Lili contou: “Ele disse que meu esmalte combinava comigo e minhas roupas eram de cores muito alegres...”

A outra pontificou: “Viu, esta é a visão ‘mulherzinha’. É isto que você – virando para mim – deve lembrar sempre".

O livro conta um encontro do personagem com uma jovem: “Por que ao cruzar com ela não continuei o meu caminho? Eu já não encontrara tantas garotas como ela pelas calçadas? Teria sido a luz singular daquela tarde que me fez retardar o passo? Ou teria sido algo no aspecto dela que me tocou e atraiu? Não sei”. Mais a frente ele reconhece que neste encontro “houve de fato uma espécie de visão, sim, vi a essência daquilo que ela se tornou para mim. Eu compreendi na hora, senti e vi claramente como ela era, como uma verdade revelada”.

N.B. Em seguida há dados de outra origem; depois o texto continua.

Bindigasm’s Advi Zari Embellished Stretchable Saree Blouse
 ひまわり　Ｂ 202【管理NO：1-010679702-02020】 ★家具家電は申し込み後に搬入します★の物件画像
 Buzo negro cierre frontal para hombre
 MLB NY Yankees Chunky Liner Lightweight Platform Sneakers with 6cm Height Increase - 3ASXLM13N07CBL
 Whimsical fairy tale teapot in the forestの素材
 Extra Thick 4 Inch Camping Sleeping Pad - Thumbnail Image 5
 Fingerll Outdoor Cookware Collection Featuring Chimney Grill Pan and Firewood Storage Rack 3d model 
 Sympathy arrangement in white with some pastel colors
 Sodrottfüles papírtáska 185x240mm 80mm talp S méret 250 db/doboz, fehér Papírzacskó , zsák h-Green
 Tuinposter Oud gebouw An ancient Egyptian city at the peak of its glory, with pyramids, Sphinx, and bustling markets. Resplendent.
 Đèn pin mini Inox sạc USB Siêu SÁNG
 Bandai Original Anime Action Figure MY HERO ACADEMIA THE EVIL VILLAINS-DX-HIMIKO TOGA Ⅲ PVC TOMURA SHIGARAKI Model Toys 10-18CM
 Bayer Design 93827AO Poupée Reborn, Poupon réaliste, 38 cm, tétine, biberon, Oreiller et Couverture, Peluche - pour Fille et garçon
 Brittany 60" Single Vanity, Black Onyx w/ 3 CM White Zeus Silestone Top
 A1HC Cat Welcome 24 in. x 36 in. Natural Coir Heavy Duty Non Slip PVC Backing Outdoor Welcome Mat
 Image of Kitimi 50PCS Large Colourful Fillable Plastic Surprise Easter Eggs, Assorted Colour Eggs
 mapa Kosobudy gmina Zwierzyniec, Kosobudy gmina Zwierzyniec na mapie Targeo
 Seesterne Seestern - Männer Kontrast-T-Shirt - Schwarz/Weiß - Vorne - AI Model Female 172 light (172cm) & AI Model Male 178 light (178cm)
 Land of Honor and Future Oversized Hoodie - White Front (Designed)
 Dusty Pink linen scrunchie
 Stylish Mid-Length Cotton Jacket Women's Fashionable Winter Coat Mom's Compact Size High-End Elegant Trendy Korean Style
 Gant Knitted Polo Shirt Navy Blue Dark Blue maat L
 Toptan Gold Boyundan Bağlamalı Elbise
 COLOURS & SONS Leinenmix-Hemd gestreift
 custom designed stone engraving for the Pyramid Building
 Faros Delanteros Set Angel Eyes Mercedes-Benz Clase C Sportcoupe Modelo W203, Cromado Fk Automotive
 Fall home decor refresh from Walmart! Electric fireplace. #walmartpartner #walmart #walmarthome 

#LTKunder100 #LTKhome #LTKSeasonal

Outro dia ele lê uma poesia de Frantisek Halas, um poeta húngaro maldito durante o comunismo, acusado de morbidez e de ser existencialista.

"Magra espiga o teu corpo

de onde grão que cai não germina.

Qual espiga magra é teu corpo.

Novelo de seda o teu corpo

recalcado de desejo até o último sulco.

Qual novelo de seda é teu corpo.

Céu de cinzas o teu corpo

e ns tus fímbrias a morte espreita e sonha

Qual céu de cinzas é teu corpo.

Silêncio sem par o teu corpo,

de ver teu pranto tremem minhas pálpebras.

Como teu corpo é silencioso". 

Isso é amor a primeira vista, é poder ver tanto do outro em um breve instante. É o que a inteligente repórter queria arrancar da gente.